Task objective:
The lines below, from the one holding "Welcome. In front" through the final line, are to be copied exactly, with no other lines and no pictures.

<<<<

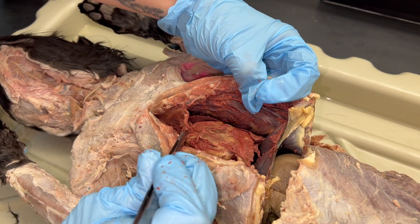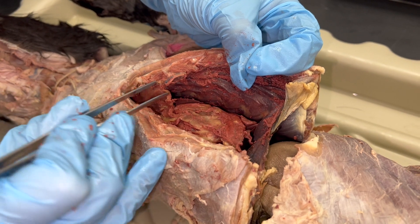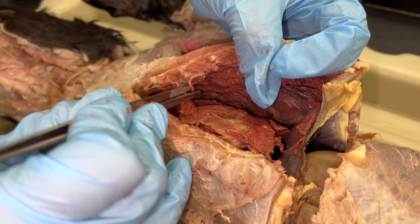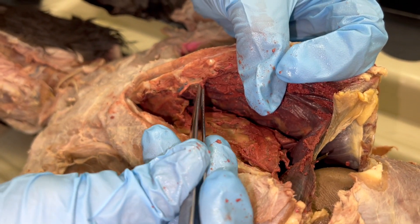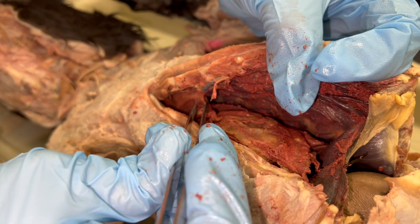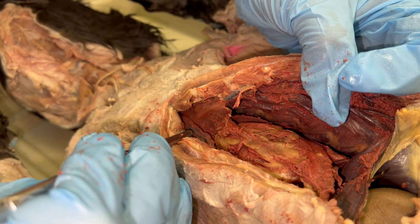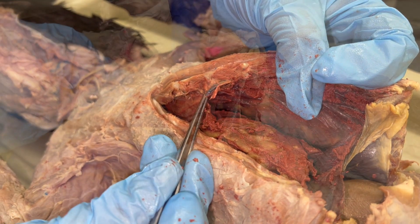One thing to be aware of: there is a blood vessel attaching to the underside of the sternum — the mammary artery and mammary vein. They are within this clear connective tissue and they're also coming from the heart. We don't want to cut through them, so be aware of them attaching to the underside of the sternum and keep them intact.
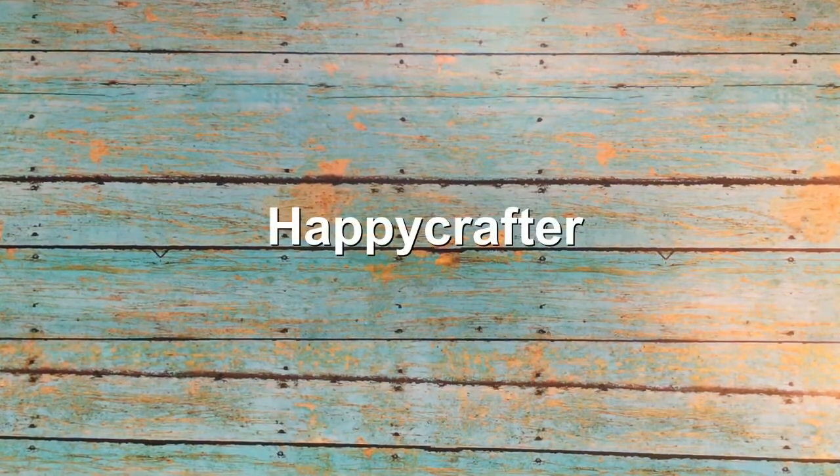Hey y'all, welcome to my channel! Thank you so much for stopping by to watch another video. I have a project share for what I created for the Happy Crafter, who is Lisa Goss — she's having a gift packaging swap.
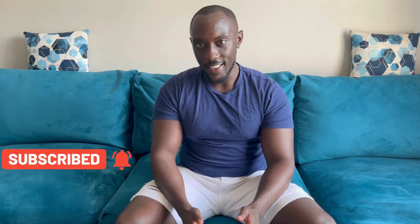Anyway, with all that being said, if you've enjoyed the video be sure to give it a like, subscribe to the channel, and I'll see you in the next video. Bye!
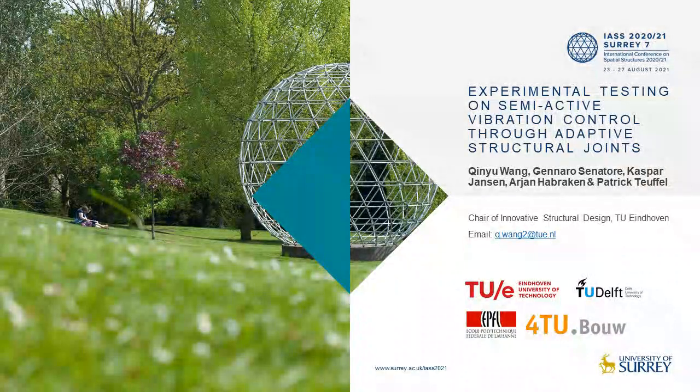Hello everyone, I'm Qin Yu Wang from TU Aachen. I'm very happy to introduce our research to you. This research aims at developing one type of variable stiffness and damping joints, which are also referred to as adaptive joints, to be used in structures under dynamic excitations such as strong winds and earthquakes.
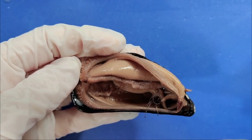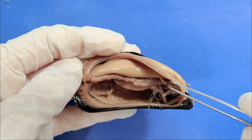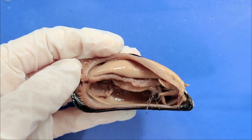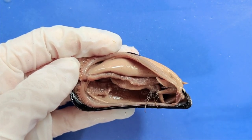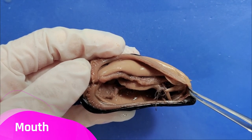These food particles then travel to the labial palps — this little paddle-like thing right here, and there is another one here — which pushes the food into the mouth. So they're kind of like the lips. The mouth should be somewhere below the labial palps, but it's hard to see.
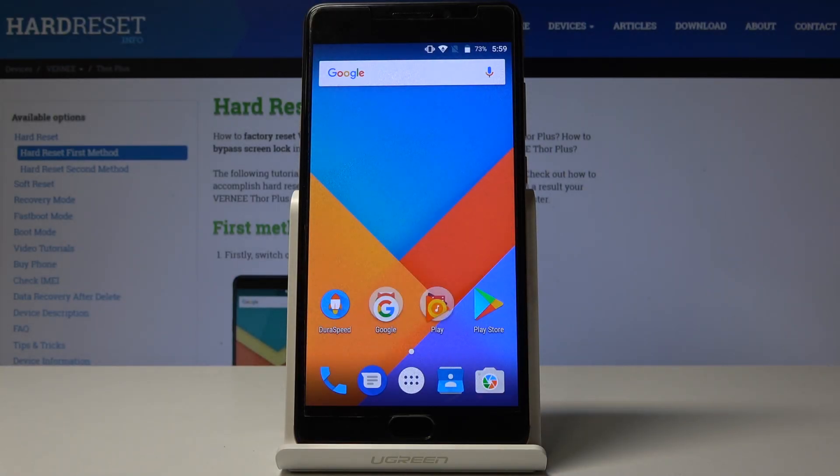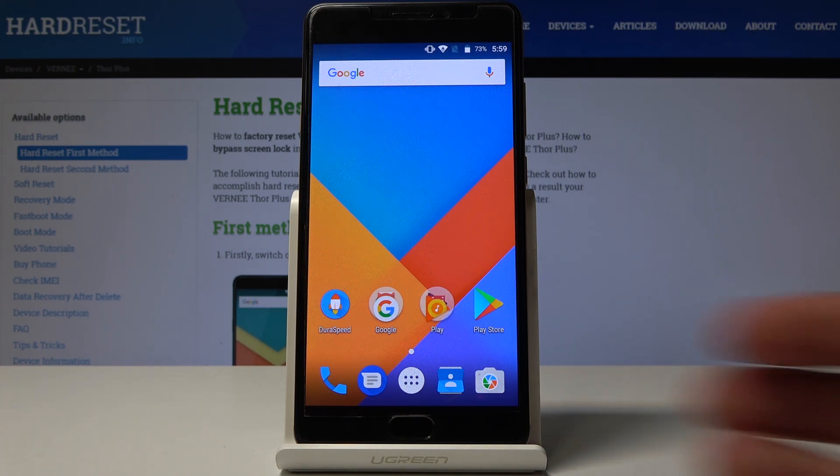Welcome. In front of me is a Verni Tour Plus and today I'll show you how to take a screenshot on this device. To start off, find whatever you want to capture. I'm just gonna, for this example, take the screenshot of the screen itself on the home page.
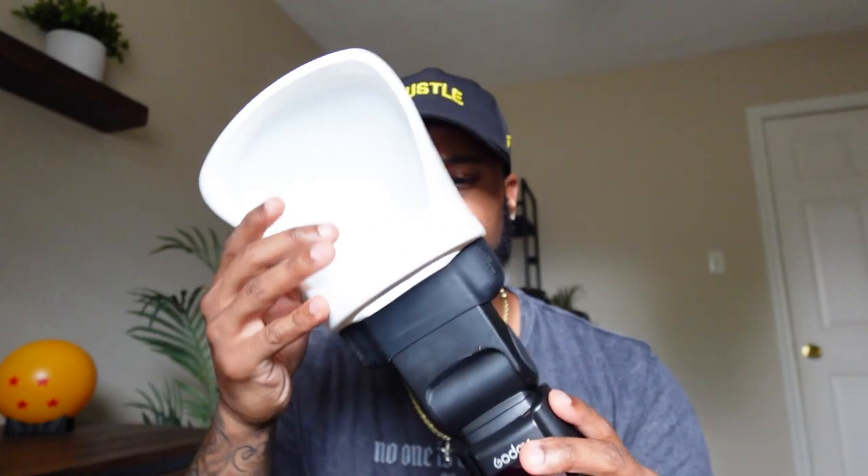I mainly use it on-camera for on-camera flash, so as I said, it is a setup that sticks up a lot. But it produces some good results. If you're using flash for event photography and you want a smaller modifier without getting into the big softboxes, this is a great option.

>>>>

Answer to this task:
Welcome. In front of me is a Verni Tour Plus and today I'll show you how to take a screenshot on this device. To start off, find whatever you want to capture. I'm just gonna, for this example, take the screenshot of the screen itself on the home page.
I mainly use it on-camera for on-camera flash, so as I said, it is a setup that sticks up a lot. But it produces some good results. If you're using flash for event photography and you want a smaller modifier without getting into the big softboxes, this is a great option.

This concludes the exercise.